400 S.W.2d 141, 1966 Mo. LEXIS 831
CourtSupreme Court of Missouri
DecidedFebruary 14, 1966
Docket51527
StatusPublished
Cited by39 cases

This text of 400 S.W.2d 141 (State v. Davis) is published on Counsel Stack Legal Research, covering Supreme Court of Missouri primary law. Counsel Stack provides free access to over 12 million legal documents including statutes, case law, regulations, and constitutions.

Bluebook
State v. Davis, 400 S.W.2d 141, 1966 Mo. LEXIS 831 (Mo. 1966).

Opinion

EAGER, Presiding Judge.

Defendant was found guilty by a jury of first degree murder and the jury imposed a life sentence. The charge arose from an indictment. For some months prior to trial *144 and at the trial defendant was represented by an attorney privately employed; he had previously had other counsel, presumably appointed, who was permitted to withdraw. Counsel filed a motion for new trial containing 47 assignments of supposed error, but has chosen not to brief the case here. We shall consider on the merits those which are sufficient under Criminal Rule 27.20. Many of these do not set forth with particularity any specific grounds or causes for a new trial and they will be disregarded; this includes assignments 1-10, inclusive, and 45. We have explained so many times the requirements of this rule that we shall not lengthen this opinion further by quoting or describing these assignments.

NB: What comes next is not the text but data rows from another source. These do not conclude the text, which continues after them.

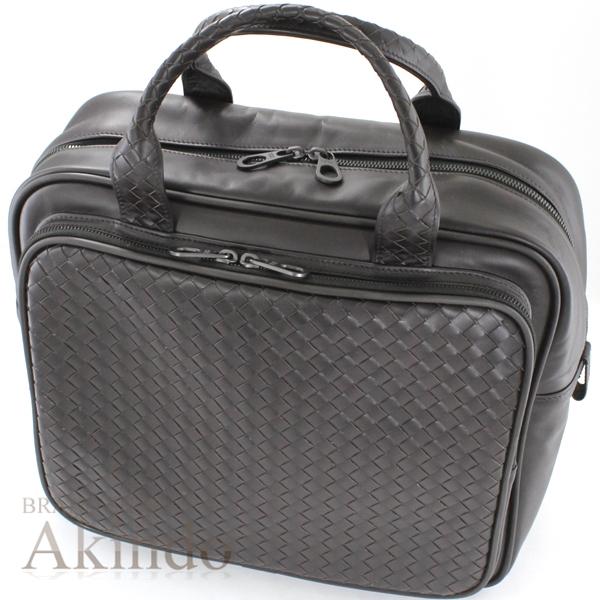 BOTTEGA VENETAボッテガヴェネタ バッグ ボストン トランク 黒×茶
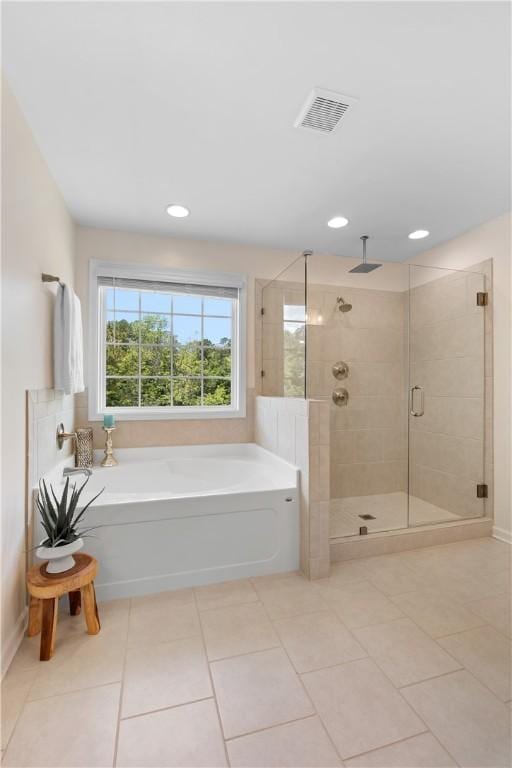 1835 Solamere Ct, Auburn, AL 36832 - full bathroom featuring a bath, a stall shower, tile patterned flooring, and recessed lighting
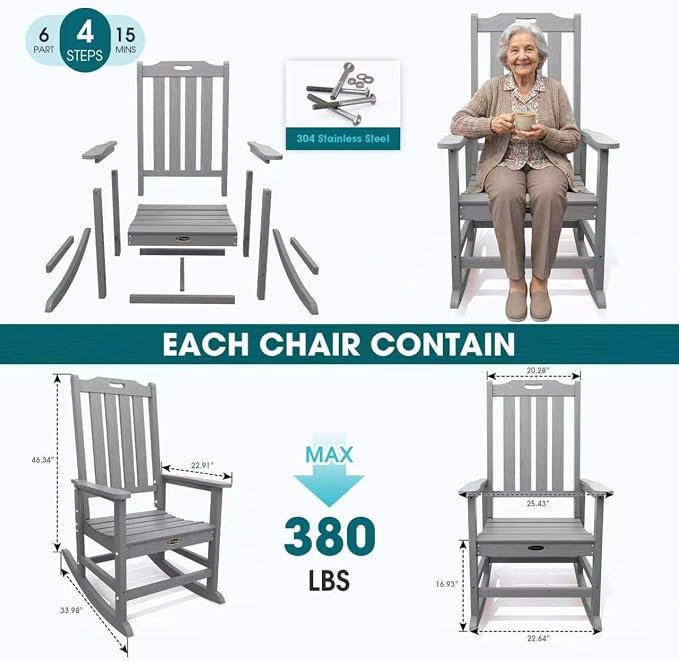 THOEOE Oversized Rocking Chair Set of 2, Outdoor Rocking Chair - Image 7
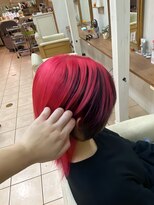 ウィルゴ 原宿(VIRGO)&nbsp;レッドカラーデザインカラーレッドブラックアンブレラカラー赤髪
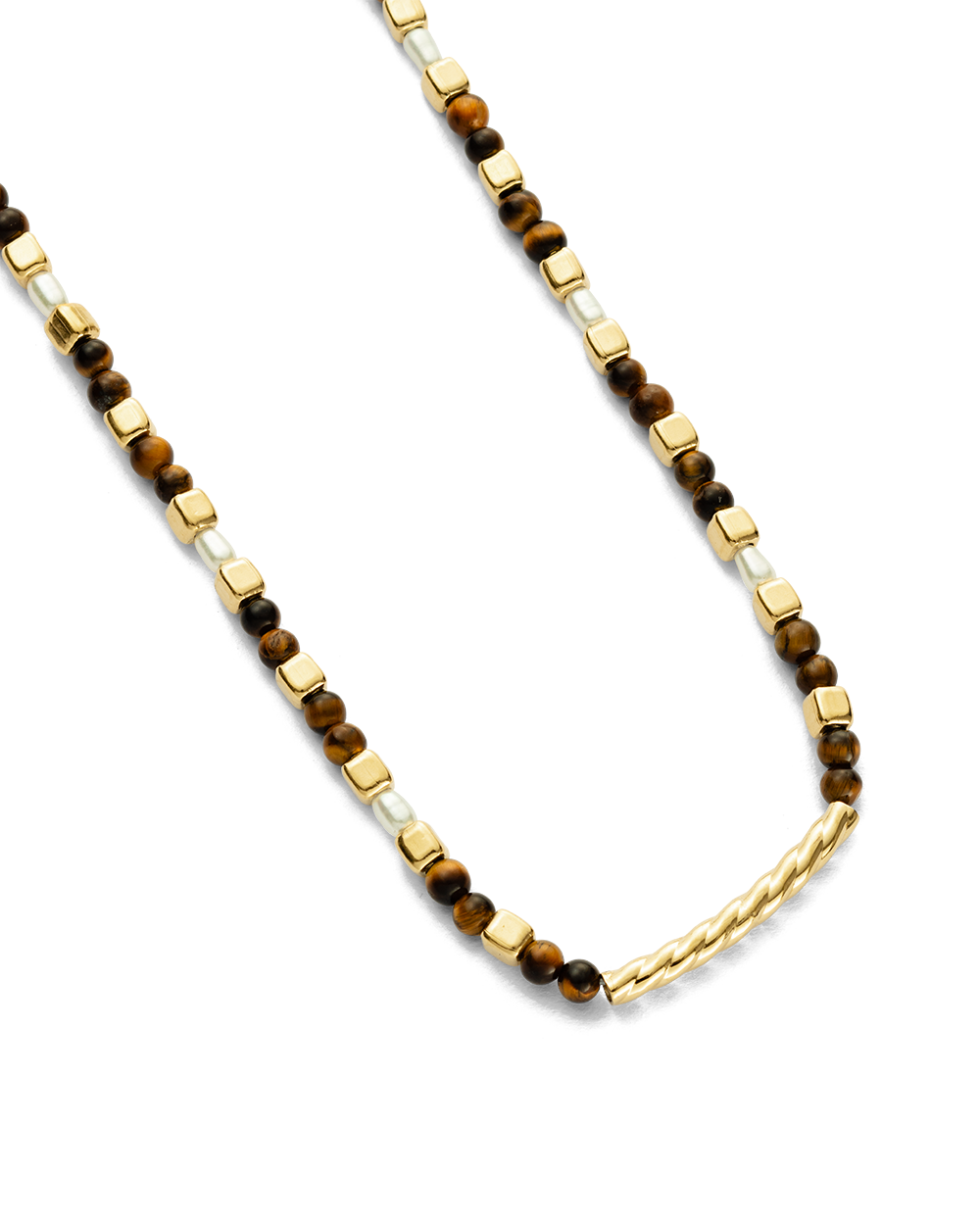 TIGERS EYE BEADED NECKLACE (18K GOLD PLATED) IMAGE 4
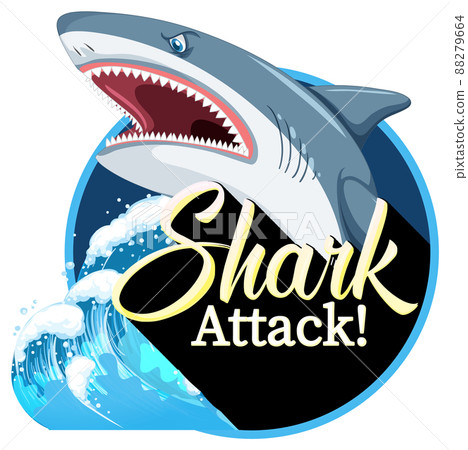 A Marine logo with big blue shark and Shark attack text A Marine logo with big blue shark and Shark attack text 88279664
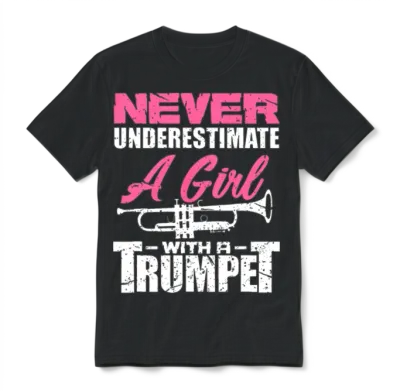 Trumpet Girl Funny Trumpet Player Marching Band Unisex T-Shirt - Black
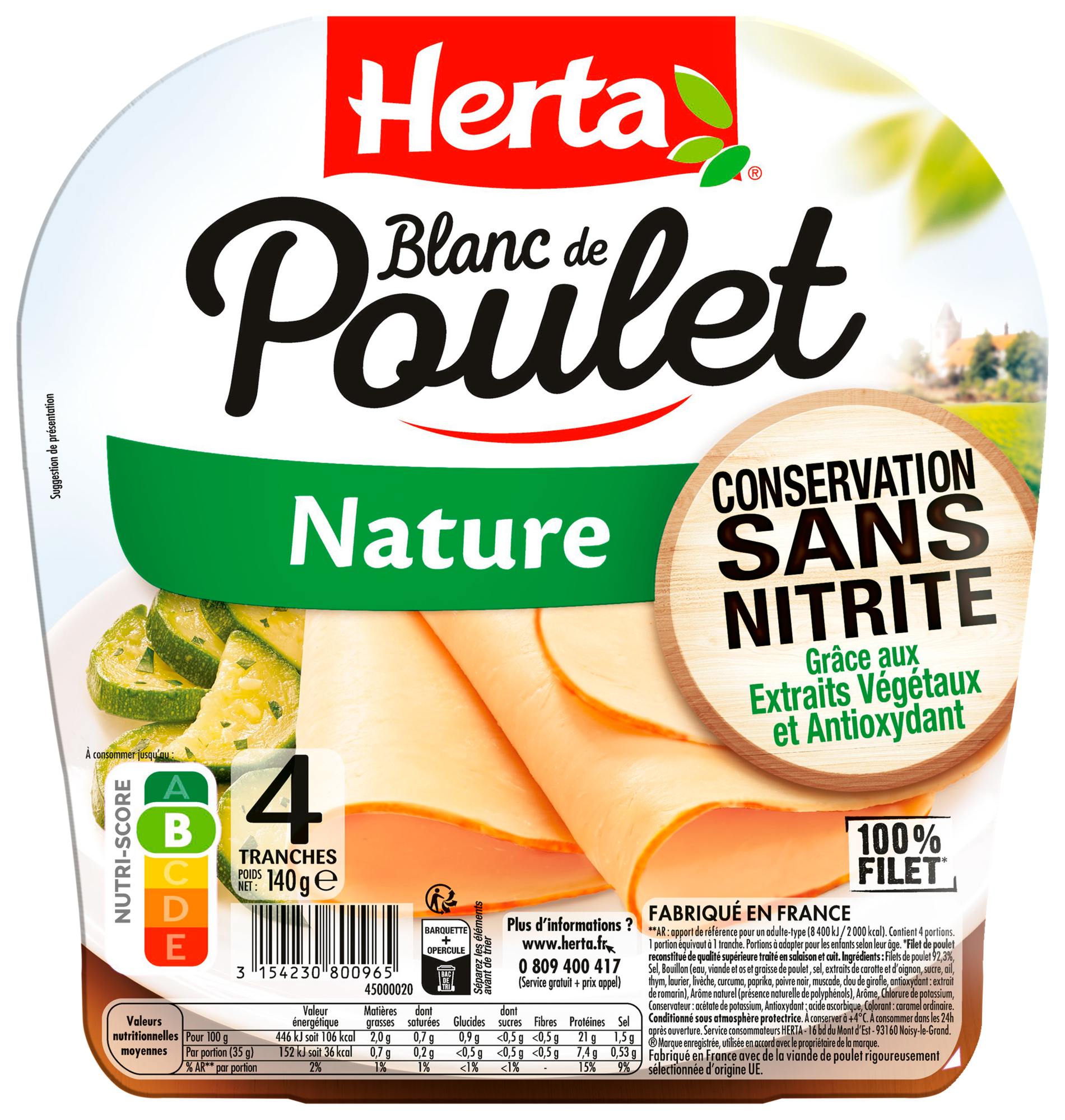 SUR LES PRODUITS PRÉSENTS EN MAGASIN DE LA GAMME BLANC DE POULET SANS NITRITE HERTA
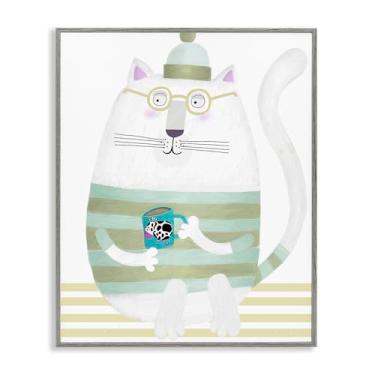 Imagem de Stupell Industries Caneca de gato com vaca cinza emoldurada giclée design artístico por Carla Daly, 20 x 16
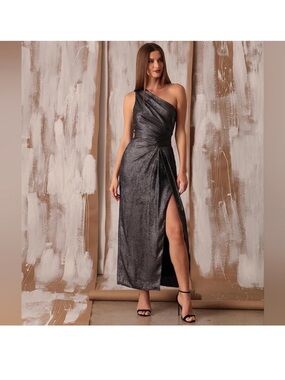 Maggy London One-Shoulder Metallic Charcoal Gown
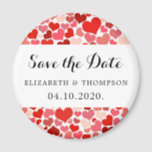 Herzmuster, rote Herzen, Liebe, Save the Date Magnet<br><div class="desc">Fügen Sie Ihrer Hochzeitsfeier eine persönliche Touch mit diesen stilvollen und unvergesslichen Party hinzu! Design zeichnet sich durch Muster mit roten Herzen aus.</div>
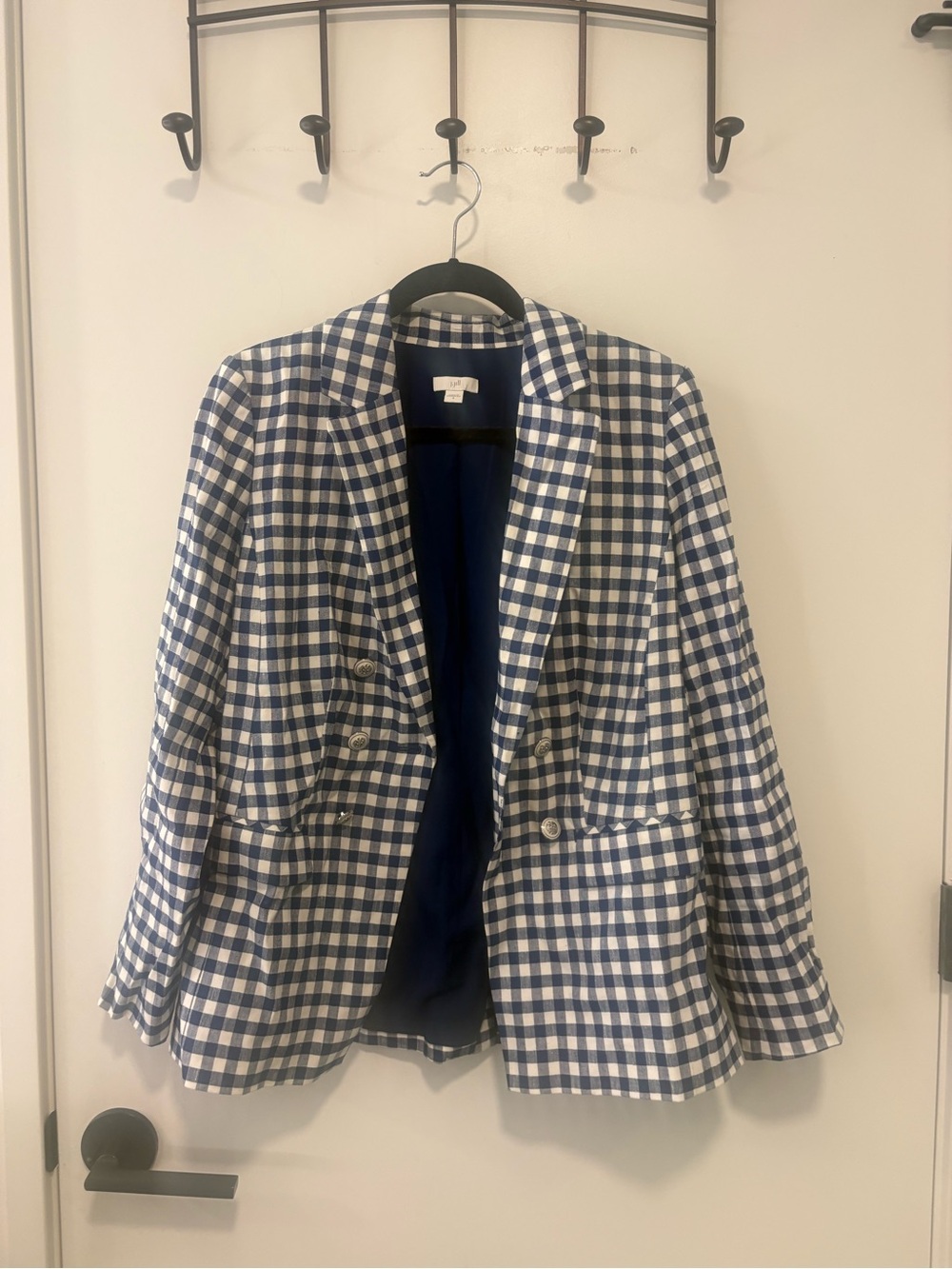 J. Jill Navy and White Gingham Double-Breasted Blazer - Picture 2 of 8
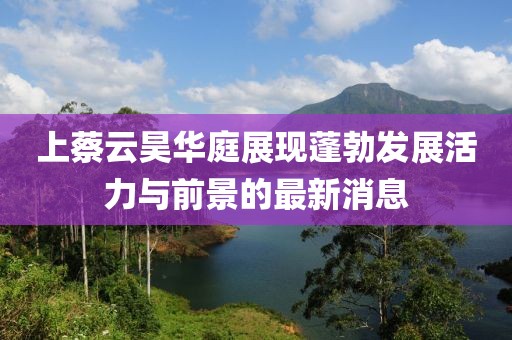 上蔡云昊华庭展现蓬勃发展活力与前景的最新消息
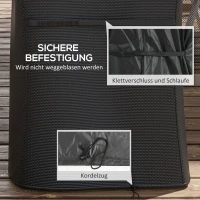 Outsunny Grillafdekking Beschermhoes voor Grill, Weerbestendig, 124 x 61 x 91 cm, Zwart(m-5)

After the overruling of that motion defendant was permitted to appeal as a poor person. Where assignments of a like nature may be discussed as a group, we shall follow that method.

The first group of appropriate assignments contests the sufficiency of the evidence to establish (1) first degree murder, and (2) second degree murder. It will therefore be necessary to recite the evidence in some detail.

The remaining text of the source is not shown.